PHOTOGRAPHIE DE Marina Pissarova, Alamy, ACI

Des steppes verdoyantes s'étendent jusqu'à l'horizon dans l'extrême sud du Kazakhstan. Dans un paysage pris en étau entre la chaleur estivale et le froid hivernal, le site de Tamgaly, à environ 160 km au nord-ouest de l'ancienne capitale kazakhe, est un lieu privilégié, et ce depuis des millénaires. Les premiers occupants de la région ont laissé leur empreinte sous la forme de 5 000 gravures rupestres, dont la plus ancienne a été datée du milieu de l'âge du bronze, il y a 3 500 ans.

Ces pétroglyphes clairs se détachent par contraste de la roche sombre, révélant une myriade de dessins : des divinités du soleil dont des rayons couronnent la tête, des guerriers montés sur des chevaux, des chamans dansants non loin de troupeaux d'animaux.

Tous parlent des différents peuples qui ont vécu sur ces terres : leurs sujets retracent les changements dans la région, de l'âge du bronze à l'âge du fer jusqu'à la période médiévale, et même beaucoup plus tard : des bergers kazakhs du XXe siècle ont également laissé leur empreinte, représentant les plus récents occupants de la région avec des véhicules de l'ère soviétique.

 

LE "LIEU MARQUÉ"

Le site de Tamgaly est l'un des nombreux sites du Kazakhstan réputés pour leurs pétroglyphes. (Un autre site riche en pétroglyphes plus à l'est s'appelle Tamgaly-Tas). Tamgaly en kazakh signifie « lieu marqué » ou « lieu peint » et l'art rupestre de Tamgaly est connu des Kazakhs depuis de nombreux siècles.

En 1957, une équipe soviétique d'archéologues, dirigée par Anna Maksimova, a commencé à explorer et à documenter les œuvres d'art de la région. Ils ont entrepris cette tâche complexe en triant les milliers de gravures par groupes. Cette documentation et celles qui ont suivi - dont celles entreprises par Alexey Rogozhinsky au début des années 2000 - ont permis de dater et d'analyser les formes recensées et pour la plupart d'imaginer ce qu'elles représentaient pour les personnes qui les avaient réalisées.

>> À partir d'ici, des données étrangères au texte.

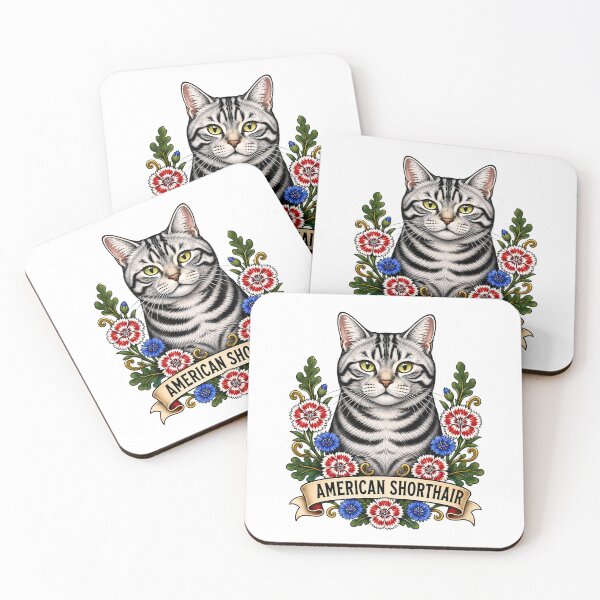 Item preview, American Shorthair Cat Vintage Tattoo Art designed and sold by Old's Cool Cat Studio.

Les travaux de Maksimova ont confirmé que Tamgaly avait été habitée, presque sans interruption, depuis environ 1500 avant J.-C., à l'âge du bronze moyen. L'abaissement des nappes phréatiques dans les steppes avait attiré davantage de nos ancêtres dans la région au cours de cette période, et les pâturages luxuriants autour de Tamgaly ont attiré des communautés d'éleveurs. Depuis la première enquête de Maksimova sur le site, d'autres colonies de l'âge du bronze et plusieurs complexes funéraires ont été identifiés.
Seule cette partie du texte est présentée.